Die Zerstörung der friedlichen Landstadt und das Massaker unter der Bevölkerung hatte Folgen. Nicht nur in Österreich war die Empörung groß. Auch die evangelischen Reichsterritorien (Sachsen, Preußen, Württemberg usw.) und Staaten (Niederlande, Dänemark, Schweden usw.), die bis dahin mit den aufständischen ungarischen Rebellen sympathisiert hatten und ihnen ebenso wie Frankreich über Polen Waffen und Geld zu kommen haben lassen, reagierten mit Abscheu.
Krieg, ja der war akzeptiert, auch Plünderungen und Brandschatzungen der Besitzungen des Gegners. Aber derartige Massaker an gefangenen Zivilisten waren verpönt. Das zwang dann auch Rakoszy zu handeln. Er ließ Forgatsch festnehmen und vier Jahre lang gefangensetzen, vorgeblich weil er seinen Befehl Preßburg zu erobern missachtet hatte.
Danach, die Kuruzzenkriege gingen zu Ende, floh Forgatsch nach Polen, dann ins Osmanische Reich, dann wieder nach Polen, wo er 1729 starb.

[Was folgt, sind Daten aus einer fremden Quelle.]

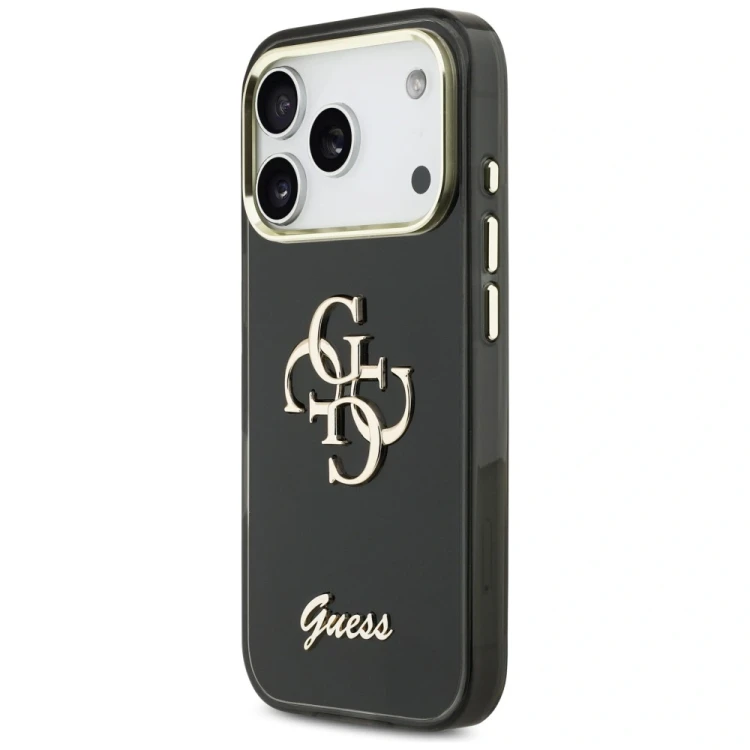 Etui Guess IML 4G Script Metal do Apple iPhone 17 Pro czarny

Oczkay wurde 1710 von einem Kommando der Kuruzzen hingerichtet, als er versuchte die Seiten zu wechseln. Die Kuruzzenaufstände gingen zu Ende und eine 100-jährige Friedensperiode für das Weinviertel brach an. Die Tragödie des Jahres 1706 ist heute in Österreich vergessen, nur in Zistersdorf selbst feiert man alle 50 Jahre ein „Kuruzzenfest“ zur Erinnerung an den schlimmsten Tag, den die Stadt jemals erlebt hat.